*** Record set Section Begins ***
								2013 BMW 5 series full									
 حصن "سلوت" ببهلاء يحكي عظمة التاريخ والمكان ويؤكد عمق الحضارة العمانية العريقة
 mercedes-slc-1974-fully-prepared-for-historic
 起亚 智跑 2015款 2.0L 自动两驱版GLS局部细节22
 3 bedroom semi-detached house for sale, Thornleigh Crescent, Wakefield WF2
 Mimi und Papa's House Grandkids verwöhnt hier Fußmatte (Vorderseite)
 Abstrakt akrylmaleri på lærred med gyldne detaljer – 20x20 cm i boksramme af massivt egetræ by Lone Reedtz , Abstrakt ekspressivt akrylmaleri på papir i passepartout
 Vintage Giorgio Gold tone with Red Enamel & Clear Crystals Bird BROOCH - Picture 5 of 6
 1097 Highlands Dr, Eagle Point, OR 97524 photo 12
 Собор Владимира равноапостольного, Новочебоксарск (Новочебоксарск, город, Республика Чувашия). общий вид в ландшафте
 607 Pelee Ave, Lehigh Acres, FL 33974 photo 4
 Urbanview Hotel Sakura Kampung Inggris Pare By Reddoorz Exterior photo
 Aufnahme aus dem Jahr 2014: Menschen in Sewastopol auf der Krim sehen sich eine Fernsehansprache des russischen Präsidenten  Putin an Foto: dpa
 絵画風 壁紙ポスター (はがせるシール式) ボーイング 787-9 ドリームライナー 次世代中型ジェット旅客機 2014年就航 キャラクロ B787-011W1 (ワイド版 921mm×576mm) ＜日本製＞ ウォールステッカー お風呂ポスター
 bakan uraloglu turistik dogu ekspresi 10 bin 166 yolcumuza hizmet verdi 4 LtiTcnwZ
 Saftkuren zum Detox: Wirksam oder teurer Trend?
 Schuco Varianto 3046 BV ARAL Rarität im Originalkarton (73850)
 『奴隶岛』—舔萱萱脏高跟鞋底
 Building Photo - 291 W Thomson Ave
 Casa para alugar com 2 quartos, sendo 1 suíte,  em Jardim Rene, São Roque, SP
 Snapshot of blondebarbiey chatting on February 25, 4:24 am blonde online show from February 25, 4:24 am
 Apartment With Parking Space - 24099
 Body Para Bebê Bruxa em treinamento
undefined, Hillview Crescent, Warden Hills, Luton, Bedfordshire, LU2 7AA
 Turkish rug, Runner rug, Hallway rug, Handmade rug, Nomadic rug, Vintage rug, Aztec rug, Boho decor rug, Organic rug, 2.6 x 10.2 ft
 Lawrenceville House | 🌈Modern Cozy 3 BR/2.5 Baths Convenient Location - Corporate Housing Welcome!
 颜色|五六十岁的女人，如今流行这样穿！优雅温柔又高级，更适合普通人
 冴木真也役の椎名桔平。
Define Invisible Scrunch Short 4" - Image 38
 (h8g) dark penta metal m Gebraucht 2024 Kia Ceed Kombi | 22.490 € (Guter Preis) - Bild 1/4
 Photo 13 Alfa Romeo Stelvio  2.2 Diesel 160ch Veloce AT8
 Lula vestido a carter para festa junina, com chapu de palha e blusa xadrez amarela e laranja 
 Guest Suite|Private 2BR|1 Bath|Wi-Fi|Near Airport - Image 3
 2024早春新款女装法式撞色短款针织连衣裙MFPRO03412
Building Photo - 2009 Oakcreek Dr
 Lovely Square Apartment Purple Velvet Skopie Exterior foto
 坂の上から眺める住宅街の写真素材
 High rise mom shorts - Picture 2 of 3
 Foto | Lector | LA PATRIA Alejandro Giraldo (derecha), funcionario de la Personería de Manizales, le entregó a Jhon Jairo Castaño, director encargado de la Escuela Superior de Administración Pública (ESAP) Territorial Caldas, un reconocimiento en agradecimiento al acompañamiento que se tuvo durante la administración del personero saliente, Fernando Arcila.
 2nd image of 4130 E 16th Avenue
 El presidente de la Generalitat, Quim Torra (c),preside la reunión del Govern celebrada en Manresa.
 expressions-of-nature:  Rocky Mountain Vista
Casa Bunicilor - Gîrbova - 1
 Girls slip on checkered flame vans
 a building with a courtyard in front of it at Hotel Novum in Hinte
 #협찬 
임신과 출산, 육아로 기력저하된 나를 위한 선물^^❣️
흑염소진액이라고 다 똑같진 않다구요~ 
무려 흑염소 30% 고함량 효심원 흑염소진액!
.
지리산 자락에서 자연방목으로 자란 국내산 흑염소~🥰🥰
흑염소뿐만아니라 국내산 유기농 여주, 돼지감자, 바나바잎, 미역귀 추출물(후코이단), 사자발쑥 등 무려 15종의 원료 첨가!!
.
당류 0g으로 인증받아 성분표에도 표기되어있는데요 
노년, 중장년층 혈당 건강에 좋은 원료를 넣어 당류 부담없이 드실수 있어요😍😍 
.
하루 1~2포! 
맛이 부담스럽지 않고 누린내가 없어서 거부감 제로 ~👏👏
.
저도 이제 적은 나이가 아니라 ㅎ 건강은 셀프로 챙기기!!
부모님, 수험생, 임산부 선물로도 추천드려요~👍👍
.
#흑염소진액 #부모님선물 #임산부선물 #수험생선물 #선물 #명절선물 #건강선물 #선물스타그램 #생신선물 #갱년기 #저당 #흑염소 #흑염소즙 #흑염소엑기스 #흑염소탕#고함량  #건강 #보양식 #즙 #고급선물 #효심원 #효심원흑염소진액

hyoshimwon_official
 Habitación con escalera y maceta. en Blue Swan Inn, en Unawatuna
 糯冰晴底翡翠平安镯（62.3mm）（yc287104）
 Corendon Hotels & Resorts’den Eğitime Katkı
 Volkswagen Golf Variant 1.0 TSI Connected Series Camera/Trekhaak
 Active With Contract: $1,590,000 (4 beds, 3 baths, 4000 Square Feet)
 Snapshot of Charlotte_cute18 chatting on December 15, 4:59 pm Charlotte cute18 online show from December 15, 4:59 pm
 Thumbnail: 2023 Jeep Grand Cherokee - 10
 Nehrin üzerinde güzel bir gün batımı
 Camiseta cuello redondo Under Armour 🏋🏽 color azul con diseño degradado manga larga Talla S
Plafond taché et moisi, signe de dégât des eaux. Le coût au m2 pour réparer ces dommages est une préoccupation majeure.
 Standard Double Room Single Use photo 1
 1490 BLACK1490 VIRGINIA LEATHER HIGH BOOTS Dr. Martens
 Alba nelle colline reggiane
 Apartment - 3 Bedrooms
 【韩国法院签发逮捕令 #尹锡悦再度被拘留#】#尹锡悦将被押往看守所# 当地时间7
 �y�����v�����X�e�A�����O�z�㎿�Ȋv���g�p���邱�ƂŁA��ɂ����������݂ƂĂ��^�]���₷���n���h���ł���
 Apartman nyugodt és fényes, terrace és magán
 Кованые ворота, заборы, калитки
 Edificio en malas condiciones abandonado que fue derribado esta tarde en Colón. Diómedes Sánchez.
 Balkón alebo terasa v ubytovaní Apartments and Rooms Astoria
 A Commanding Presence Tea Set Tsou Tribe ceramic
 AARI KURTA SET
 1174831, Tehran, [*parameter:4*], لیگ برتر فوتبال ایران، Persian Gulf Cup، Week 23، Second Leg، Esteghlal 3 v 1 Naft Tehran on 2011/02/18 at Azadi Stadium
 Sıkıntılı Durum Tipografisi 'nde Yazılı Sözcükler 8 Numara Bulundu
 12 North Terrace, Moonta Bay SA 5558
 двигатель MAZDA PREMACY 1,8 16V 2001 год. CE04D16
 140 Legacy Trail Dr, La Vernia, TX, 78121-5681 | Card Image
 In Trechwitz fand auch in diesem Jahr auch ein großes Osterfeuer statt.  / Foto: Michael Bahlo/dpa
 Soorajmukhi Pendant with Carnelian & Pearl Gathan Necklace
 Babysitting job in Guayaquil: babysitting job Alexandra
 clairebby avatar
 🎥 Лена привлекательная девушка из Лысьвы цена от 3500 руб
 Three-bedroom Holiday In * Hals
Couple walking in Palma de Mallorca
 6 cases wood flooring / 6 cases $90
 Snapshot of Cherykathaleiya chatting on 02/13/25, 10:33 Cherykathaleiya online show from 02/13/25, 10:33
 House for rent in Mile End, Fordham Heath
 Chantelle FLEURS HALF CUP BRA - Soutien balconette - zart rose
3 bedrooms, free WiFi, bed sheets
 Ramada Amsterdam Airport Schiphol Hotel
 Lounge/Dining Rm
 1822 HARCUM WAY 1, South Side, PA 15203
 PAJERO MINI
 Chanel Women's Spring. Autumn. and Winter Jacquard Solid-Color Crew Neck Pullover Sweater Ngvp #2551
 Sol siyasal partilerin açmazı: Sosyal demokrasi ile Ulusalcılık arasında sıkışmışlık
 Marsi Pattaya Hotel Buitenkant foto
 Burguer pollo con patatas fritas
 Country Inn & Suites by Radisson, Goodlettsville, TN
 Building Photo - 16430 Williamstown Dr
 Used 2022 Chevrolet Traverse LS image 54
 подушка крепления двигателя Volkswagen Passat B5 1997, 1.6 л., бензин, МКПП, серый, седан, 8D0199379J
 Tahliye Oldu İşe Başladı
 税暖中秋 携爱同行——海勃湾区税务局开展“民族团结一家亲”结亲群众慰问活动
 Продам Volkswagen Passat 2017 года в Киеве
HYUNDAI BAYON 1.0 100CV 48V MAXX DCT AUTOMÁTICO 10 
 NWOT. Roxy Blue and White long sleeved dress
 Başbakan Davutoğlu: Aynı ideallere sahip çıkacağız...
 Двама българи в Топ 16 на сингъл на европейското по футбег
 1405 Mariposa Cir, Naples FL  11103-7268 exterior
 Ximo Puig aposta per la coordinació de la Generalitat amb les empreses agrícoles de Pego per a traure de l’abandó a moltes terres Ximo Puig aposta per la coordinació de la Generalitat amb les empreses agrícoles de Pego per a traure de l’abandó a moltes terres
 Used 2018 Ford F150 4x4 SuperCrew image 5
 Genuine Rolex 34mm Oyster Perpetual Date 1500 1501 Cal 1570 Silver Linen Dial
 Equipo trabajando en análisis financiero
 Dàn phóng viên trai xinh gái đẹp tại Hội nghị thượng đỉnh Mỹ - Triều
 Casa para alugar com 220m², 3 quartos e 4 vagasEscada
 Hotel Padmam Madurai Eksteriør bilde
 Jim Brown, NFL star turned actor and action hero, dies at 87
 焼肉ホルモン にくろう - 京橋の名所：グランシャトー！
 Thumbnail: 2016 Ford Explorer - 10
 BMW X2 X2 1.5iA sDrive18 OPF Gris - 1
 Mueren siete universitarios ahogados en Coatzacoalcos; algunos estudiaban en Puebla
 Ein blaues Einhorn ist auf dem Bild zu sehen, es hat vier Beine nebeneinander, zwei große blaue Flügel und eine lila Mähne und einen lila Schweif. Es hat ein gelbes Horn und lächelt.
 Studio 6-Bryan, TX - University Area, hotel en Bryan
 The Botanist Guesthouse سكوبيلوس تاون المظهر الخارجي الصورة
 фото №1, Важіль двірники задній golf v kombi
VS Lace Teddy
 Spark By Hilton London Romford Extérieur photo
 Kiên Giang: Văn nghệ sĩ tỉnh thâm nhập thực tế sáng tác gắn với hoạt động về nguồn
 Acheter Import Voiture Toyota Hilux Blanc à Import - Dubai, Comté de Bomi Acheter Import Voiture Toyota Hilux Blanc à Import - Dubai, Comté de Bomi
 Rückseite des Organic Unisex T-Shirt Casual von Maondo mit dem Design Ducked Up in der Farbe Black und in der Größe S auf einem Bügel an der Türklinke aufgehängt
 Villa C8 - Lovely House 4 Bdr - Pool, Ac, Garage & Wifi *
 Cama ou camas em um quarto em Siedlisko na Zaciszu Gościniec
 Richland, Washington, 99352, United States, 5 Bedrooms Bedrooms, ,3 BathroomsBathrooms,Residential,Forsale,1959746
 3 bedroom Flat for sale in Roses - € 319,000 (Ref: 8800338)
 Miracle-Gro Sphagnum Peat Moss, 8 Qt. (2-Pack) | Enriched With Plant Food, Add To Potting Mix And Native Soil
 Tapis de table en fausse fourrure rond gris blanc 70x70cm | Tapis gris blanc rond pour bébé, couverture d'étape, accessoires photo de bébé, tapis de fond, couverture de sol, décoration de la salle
*** Record set Section Ends ***
## What you have to do
Using the entries above, repeat only the lines from the one containing "Marsi Pattaya Hotel Buitenkant foto" through the one containing "Mueren siete universitarios", end lines included.

## Reply
 Marsi Pattaya Hotel Buitenkant foto
 Burguer pollo con patatas fritas
 Country Inn & Suites by Radisson, Goodlettsville, TN
 Building Photo - 16430 Williamstown Dr
 Used 2022 Chevrolet Traverse LS image 54
 подушка крепления двигателя Volkswagen Passat B5 1997, 1.6 л., бензин, МКПП, серый, седан, 8D0199379J
 Tahliye Oldu İşe Başladı
 税暖中秋 携爱同行——海勃湾区税务局开展“民族团结一家亲”结亲群众慰问活动
 Продам Volkswagen Passat 2017 года в Киеве
HYUNDAI BAYON 1.0 100CV 48V MAXX DCT AUTOMÁTICO 10 
 NWOT. Roxy Blue and White long sleeved dress
 Başbakan Davutoğlu: Aynı ideallere sahip çıkacağız...
 Двама българи в Топ 16 на сингъл на европейското по футбег
 1405 Mariposa Cir, Naples FL  11103-7268 exterior
 Ximo Puig aposta per la coordinació de la Generalitat amb les empreses agrícoles de Pego per a traure de l’abandó a moltes terres Ximo Puig aposta per la coordinació de la Generalitat amb les empreses agrícoles de Pego per a traure de l’abandó a moltes terres
 Used 2018 Ford F150 4x4 SuperCrew image 5
 Genuine Rolex 34mm Oyster Perpetual Date 1500 1501 Cal 1570 Silver Linen Dial
 Equipo trabajando en análisis financiero
 Dàn phóng viên trai xinh gái đẹp tại Hội nghị thượng đỉnh Mỹ - Triều
 Casa para alugar com 220m², 3 quartos e 4 vagasEscada
 Hotel Padmam Madurai Eksteriør bilde
 Jim Brown, NFL star turned actor and action hero, dies at 87
 焼肉ホルモン にくろう - 京橋の名所：グランシャトー！
 Thumbnail: 2016 Ford Explorer - 10
 BMW X2 X2 1.5iA sDrive18 OPF Gris - 1
 Mueren siete universitarios ahogados en Coatzacoalcos; algunos estudiaban en Puebla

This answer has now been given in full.